Dr. Haricharan said: “This was a strange finding, so much so that we almost didn’t believe it at first. But the same patterns emerged over and over again in database after database.”
The genes were involved in replication, the process by which cells grow and divide. They are responsible for repairing mistakes when they happen – a process that goes awry in virtually all cancers.
Dr. Haricharan said: “Cell cycle dysregulation occurs so early in the development of cancer that we generally don’t consider whether the individual mutations that cause cell cycle dysregulation can affect cancer’s eventual response to treatment or its ability to spread.”
By connecting the specific type that triggers cancer with the outcome of the disease many years after diagnosis, the US team proposes an entirely new paradigm for thinking about and studying all types of cancer.

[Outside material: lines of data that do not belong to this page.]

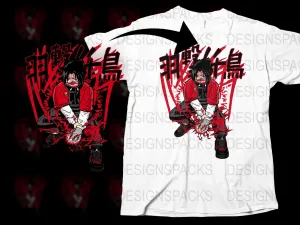 Bold Red and Black Graphic Streetwear Png Digital Download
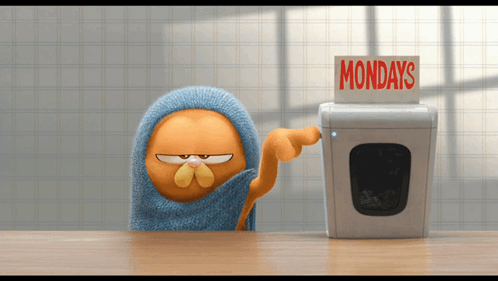 Garfield Is Wrapped In A Towel And Pointing At A Washing Machine That Says Mondays GIF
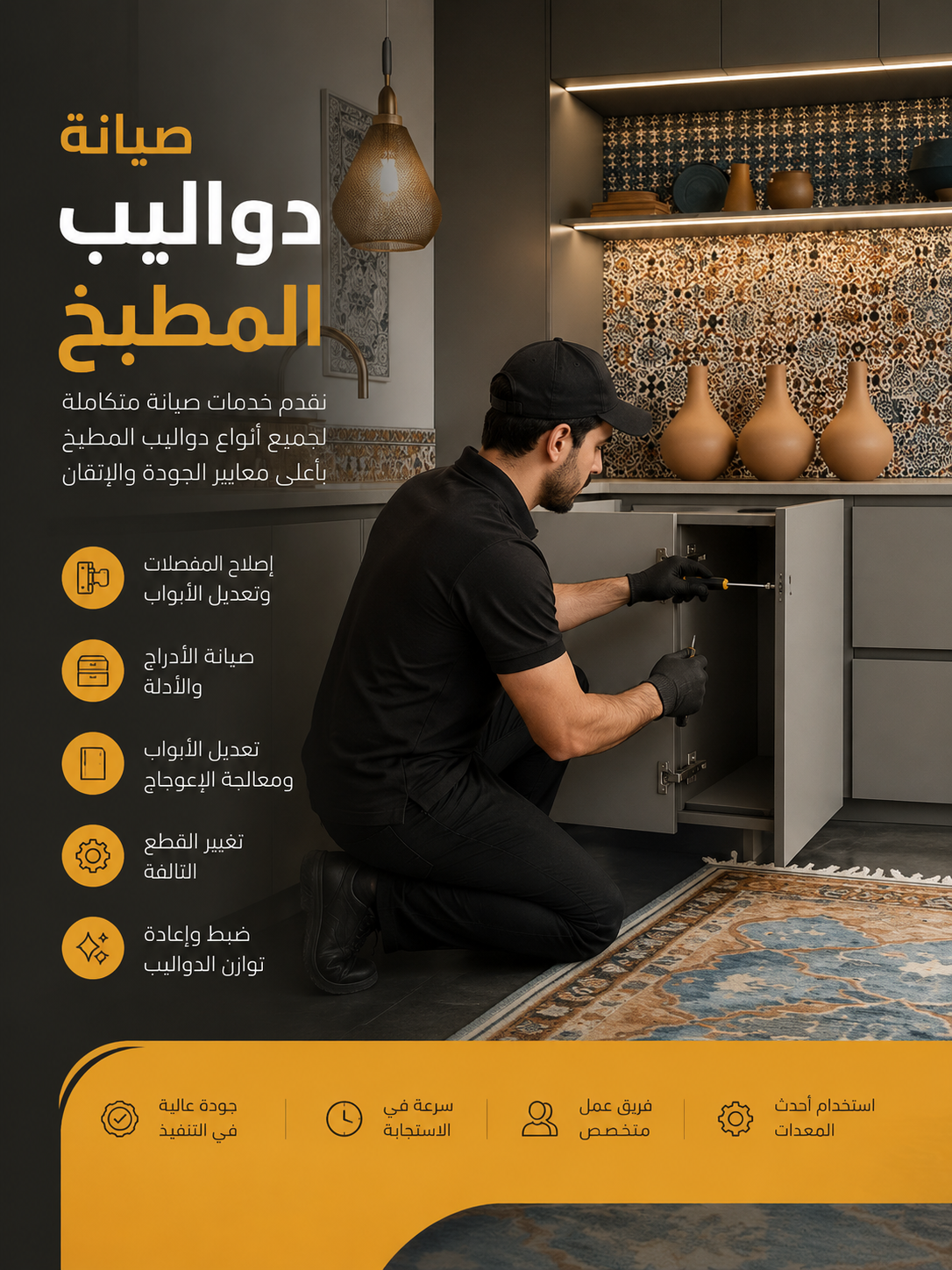 خدمة صيانة دواليب وأثاث غرف النوم - تفاصيل العمل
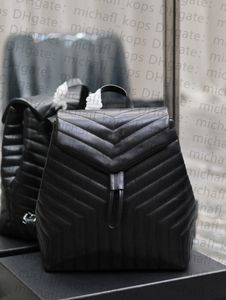 Top kwaliteit spiegel rugzak 1:1 loulou tas gestreept leer zilveren letter klassieke dames schoudertas luxe flip tas designer tassen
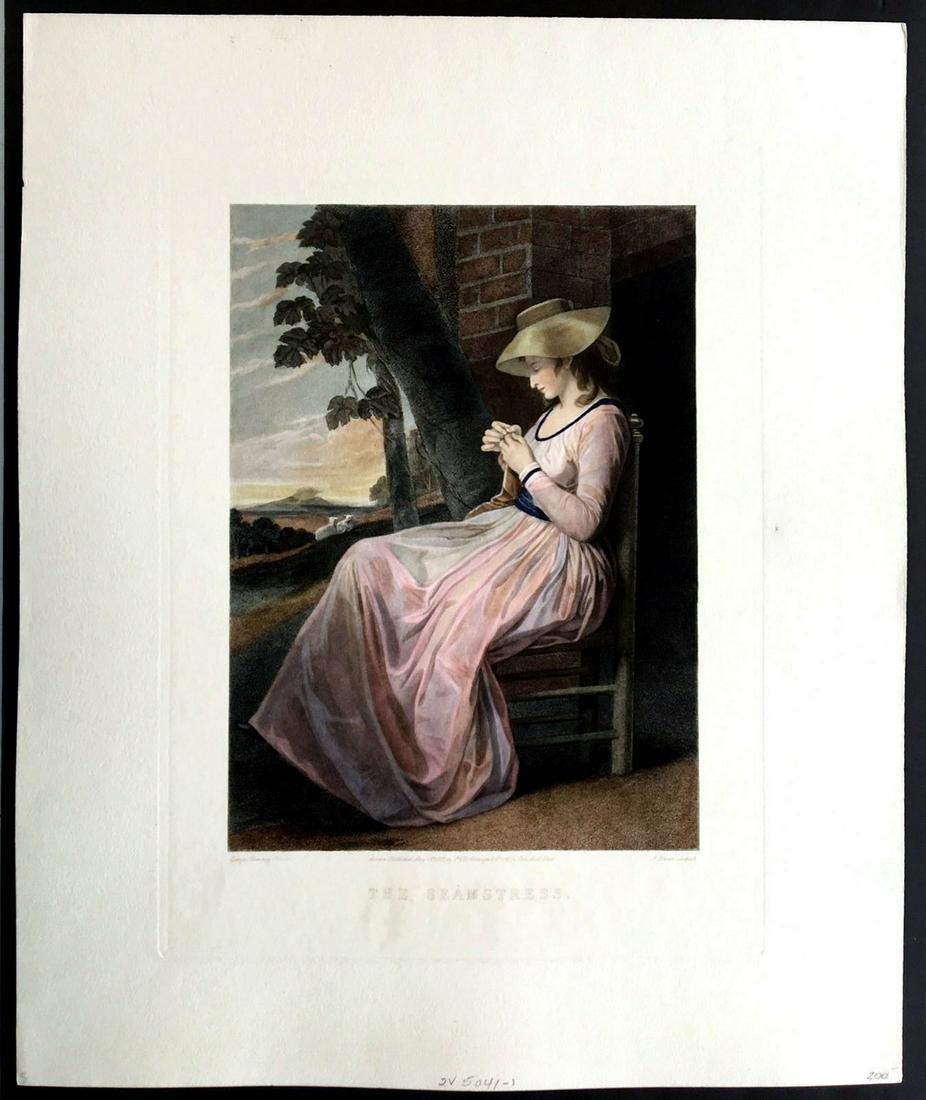 The Seamstress - Artist: George Romney - Engraver: J. Brown: The Seamstress Published 1882 Artist: George Romney Engraved by: J. Brown Image Plate Size: 18" x 13" Paper Size: 23" x 19" Retail: $125.00 *Make Offer* This is a Retirement Sale Reserve: $35.00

Dr. Haricharan said: “This is a radical shift in how we look at cancer, which could have implications well beyond breast cancer.”
They looked at the effect of cell cycle mutations on patient outcomes in other types of cancer.
The mode of cell cycle dysregulation is significant for cancer in women, but less so for cancer in men – suggesting it could depend on sex as well as age.
Added Dr. Haricharan: “These findings emphasize why it is important to study cancer in the context of the life history of the patient.
“Too often, cancer research is focused narrowly on cells in a petri dish, forgetting the whole, complex host system in which these cells transform and grow.”